In the current work, we propose a new configuration which, in principle, allows for a low resonant frequency in all six degrees of freedom of the suspension system and which can have a much better seismic isolation than a single translational degree of freedom alone.
It is similar to the one proposed by Varvella et al. (cf. Ref. [4] in the Review page), the magnetic scheme considered here is part of the multistage suspension system, instead of attaching magnetic directly to the test mass or levitating the test mass itself as proposed and demonstrated by Drever et al. (cf. Ref. [1] and Ref. [2] in the Review page).
The schematic plot the proposed scheme is shown in figure below:
In this figure, there are three layers of magnets like a sandwich :-). The top and the bottom magnets are fixed with respect to the platform, and the suspended magnets sit in the middle. Each circle represents a cylindrical magnet with plus and minus denoting the magnetic poles. There are a total of sixteen magnets in the suspended plate. Correspondingly, there are sixteen top and the sixteen bottom magnets, each aligned with the corresponding suspended magnet in the z-axis. They will have the correct poles to create the required levitating force to balance the gravitational force.

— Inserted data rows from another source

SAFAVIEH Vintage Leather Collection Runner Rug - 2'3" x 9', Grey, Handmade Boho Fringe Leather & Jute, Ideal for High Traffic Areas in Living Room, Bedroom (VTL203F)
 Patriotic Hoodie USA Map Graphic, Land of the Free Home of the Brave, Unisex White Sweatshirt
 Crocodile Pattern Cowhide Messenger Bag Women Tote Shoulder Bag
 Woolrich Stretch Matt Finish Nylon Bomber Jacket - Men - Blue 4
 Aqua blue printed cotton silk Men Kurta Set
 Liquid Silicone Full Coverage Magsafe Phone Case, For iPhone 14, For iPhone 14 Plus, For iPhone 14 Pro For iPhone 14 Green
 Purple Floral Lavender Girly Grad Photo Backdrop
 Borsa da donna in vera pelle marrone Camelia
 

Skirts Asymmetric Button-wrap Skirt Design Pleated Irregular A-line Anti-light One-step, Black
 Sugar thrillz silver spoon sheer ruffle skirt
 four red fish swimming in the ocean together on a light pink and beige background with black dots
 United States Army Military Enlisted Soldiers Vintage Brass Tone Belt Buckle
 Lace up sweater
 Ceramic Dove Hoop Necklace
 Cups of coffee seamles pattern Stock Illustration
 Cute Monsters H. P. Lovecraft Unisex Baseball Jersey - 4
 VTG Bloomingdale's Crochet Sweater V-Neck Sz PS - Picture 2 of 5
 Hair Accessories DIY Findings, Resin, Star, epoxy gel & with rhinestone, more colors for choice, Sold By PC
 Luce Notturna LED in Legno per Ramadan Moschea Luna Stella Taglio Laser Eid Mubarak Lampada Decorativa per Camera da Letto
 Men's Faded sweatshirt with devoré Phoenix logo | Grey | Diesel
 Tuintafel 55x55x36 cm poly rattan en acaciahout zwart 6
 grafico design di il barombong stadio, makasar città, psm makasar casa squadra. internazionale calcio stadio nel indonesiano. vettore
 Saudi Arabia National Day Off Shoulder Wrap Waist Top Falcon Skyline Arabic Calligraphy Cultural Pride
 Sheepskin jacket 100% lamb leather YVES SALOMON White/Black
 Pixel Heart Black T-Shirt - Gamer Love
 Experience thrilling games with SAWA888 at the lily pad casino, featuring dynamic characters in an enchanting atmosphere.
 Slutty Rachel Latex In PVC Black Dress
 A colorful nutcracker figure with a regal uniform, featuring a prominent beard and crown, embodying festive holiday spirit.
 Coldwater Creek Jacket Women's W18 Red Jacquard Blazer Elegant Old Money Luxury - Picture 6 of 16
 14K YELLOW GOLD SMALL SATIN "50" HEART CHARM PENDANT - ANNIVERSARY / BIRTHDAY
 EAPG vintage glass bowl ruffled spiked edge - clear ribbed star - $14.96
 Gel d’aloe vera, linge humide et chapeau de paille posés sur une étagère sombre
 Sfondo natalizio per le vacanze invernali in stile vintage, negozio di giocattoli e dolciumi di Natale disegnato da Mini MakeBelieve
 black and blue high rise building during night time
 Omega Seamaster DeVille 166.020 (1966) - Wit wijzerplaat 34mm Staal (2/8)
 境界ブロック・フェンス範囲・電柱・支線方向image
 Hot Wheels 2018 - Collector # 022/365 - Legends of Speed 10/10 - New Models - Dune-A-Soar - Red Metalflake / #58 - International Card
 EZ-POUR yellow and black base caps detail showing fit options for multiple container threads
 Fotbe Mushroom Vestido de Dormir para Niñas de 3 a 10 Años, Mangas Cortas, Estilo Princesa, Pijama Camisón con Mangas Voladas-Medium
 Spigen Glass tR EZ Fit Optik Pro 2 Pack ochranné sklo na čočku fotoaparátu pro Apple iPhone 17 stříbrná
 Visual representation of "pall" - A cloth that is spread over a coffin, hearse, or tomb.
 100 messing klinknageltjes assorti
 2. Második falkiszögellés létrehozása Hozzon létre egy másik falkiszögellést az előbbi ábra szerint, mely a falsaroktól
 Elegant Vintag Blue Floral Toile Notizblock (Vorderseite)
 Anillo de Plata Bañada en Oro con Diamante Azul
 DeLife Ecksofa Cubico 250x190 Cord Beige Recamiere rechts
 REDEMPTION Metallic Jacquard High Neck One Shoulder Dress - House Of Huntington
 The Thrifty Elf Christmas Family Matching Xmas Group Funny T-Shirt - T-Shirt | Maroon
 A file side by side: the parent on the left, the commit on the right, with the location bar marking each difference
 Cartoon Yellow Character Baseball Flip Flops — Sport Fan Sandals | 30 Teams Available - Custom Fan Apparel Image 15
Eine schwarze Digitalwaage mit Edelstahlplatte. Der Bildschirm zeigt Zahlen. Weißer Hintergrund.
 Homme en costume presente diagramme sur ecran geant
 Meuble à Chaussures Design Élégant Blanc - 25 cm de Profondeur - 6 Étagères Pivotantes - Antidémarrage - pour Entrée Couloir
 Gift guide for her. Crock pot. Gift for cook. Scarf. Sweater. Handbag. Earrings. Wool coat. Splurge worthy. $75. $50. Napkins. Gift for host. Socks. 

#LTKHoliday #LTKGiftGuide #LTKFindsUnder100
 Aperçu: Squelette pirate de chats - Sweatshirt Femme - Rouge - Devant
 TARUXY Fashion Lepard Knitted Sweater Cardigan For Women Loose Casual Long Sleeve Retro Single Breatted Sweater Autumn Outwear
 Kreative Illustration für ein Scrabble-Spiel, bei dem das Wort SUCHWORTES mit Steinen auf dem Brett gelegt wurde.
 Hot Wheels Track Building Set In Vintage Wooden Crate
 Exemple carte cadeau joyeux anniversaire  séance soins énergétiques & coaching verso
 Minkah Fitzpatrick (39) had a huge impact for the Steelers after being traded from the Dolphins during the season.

There are additional control coils on the fixed magnets in order to create a stable suspension. In the ideal, case when the magnets are perfectly balanced, there is an equipotential plane between the fixed and suspended magnets. If the suspended magnets sit right in the middle, the resonant frequency of motion in the horizontal plane will be close to zero. Due to the intrinsic symmetry, such a scheme can, in principle, achieve a very low intrinsic resonant frequency in other degrees of freedom.
At the same time, it is not susceptible to fluctuations of the ambient magnetic fields because in the far field, it only has high-order moments. In addition, there is no coupling between the tilt and translation motions if the position of the suspended magnet can be well controlled. It offers us the opportunity to incorporate sophisticated control protocols into this scheme with modern control techniques.